What other issues might occur when using different models?

ilovescience · May 17, 2022, 9:23am

Continuing on the sharing of Transformers resources, I had a whole thread of awesome resources online:

JackV · May 17, 2022, 9:23am

Yes! That’s what it was! I had the wrong train.csv file.

Thank you very much all that helped! Love you all!

I might come back for more help though, stay tuned

devforfu · May 17, 2022, 9:23am

Also, an interesting post describing transformers architecture, starting from very basic things:
https://e2eml.school/transformers.html

ste · May 17, 2022, 9:32am

Love this Yannic’s classic paper review: it explains two of the fundamental concepts in transformer’s architecture:

positional encoding
key/value queries

That’s my thought: at the end of the day, positional encoding is just feature engineering on token position: same idea of breaking a date field into multiple columns (day, day_of_week, month, …).

marix1120 · May 17, 2022, 9:36am

I am trying to submit the notebook on kaggle but this error message comes up: Cannot submit Your Notebook cannot use internet access in this competition. Please disable internet in the Notebook editor and save a new version.

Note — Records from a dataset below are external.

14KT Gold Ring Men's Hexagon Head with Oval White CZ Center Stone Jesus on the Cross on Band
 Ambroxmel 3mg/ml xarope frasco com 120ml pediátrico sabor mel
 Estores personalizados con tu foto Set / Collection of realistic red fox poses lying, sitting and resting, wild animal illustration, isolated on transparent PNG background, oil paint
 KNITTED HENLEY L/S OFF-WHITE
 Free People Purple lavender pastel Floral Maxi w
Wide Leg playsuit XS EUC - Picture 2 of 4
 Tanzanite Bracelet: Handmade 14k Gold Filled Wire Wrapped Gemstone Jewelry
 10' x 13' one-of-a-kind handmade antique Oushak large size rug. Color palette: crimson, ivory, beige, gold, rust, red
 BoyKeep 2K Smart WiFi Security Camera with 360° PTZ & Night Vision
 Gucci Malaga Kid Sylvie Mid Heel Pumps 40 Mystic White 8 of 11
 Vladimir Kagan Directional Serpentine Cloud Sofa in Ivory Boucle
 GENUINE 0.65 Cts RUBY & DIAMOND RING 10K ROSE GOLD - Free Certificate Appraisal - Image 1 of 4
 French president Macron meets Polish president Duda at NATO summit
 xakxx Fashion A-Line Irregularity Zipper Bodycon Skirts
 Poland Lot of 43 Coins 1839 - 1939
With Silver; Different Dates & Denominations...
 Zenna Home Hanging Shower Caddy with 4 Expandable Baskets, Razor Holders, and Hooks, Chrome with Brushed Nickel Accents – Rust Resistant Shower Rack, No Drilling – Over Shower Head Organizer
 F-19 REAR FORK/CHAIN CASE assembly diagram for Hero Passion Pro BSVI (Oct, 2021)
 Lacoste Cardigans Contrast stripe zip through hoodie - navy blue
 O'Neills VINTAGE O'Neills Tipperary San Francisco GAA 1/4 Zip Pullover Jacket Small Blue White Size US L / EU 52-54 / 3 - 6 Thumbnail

I have disconnected from the internet but some FASTAI functions require internet.

I tried this solution fastai_offline User Guide ✔ | Kaggle but still getting this error.

Help please!

jwuq · May 17, 2022, 9:37am

It’s telling you the problem - you n eed to disable the ‘internet’ option for this notebook. It’s in the options on the top right of the main kaggle window

KevinB · May 17, 2022, 9:37am

How do you decide whether you can get rid of outliers? When you removed those values it made your score go up, but those values will probably exist in the test set as well so do you remove the row entirely or do you use a different method for handling outliers

marix1120 · May 17, 2022, 9:38am

I did that but some FASTAI function requires internet… I think…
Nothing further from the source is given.